Could at least a group from the colony that briefly settled on the shores of today’s Roanoke Island, on North Carolina’s Outer Banks, have moved, not only 50 miles south or west, as many believe, but simply to the other side of the sound?
Sponsor Spotlight
According to records, when the colony’s governor John White returned three years after he left for supplies in 1587, the only evidence of the colony’s whereabouts was the word “Croatoan” – once the home of the Croatan Indians on Hatteras Island – carved on a fort palisade, and the letters “CRO” carved in an oak tree. That has been widely interpreted as a signal from the colonists that they moved to Croatoan – that is, Hatteras.
Alternately, there were signs that could have meant they went 50 miles into the mainland, as White said was discussed with the colonists before he departed.

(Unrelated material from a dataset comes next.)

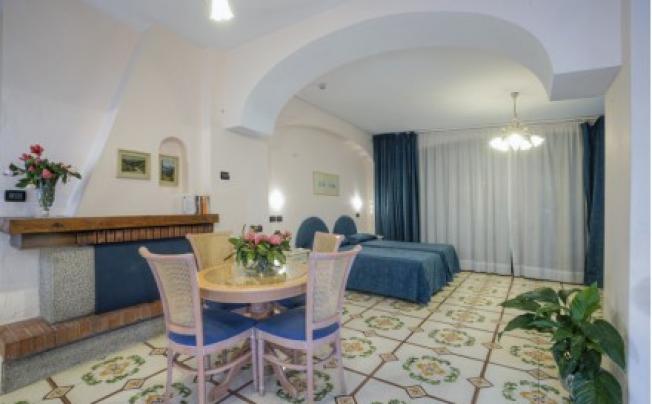 Фото отеля GARDEN HOTEL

But in a recent research report, “Croatan: The Untold Story,” veteran archaeologist Eric Klingelhofer, vice president of research with the nonprofit First Colony Foundation, says that a review of historic maps indicates that the Croatan tribe who had befriended the Roanoke colonists did not actually live on Hatteras Island; they lived on land across from Roanoke Island at what is now mainland Dare County. So if at least some colonists went to live with the Croatan Indians, they may have had to merely cross the sound.
“Cartographic study therefore suggests that a broad territory was attributed in the historical period to the remnant Croatoans, and that the likely location for their core habitation and Dasemunkepeuc itself lay northwest of Roanoke in the vicinity of modern Mashoes,” Klingelhofer asserts in the report, published on the foundation’s website.
Dasemunkepeuc, an Algonquian village, was located at present-day Mann’s Harbor, near Mashoes. The Croatan and Roanoke were branches of Algonquian Indians.
Sponsor Spotlight
What his research shows is that the Croatan had left Buxton on Hatteras Island at some point after the arrival of the English in the mid-1580s, and relocated to the mainland where they could grow crops, Klingelhofer, a retired professor of history at Mercer University, told Coastal Review in a recent interview.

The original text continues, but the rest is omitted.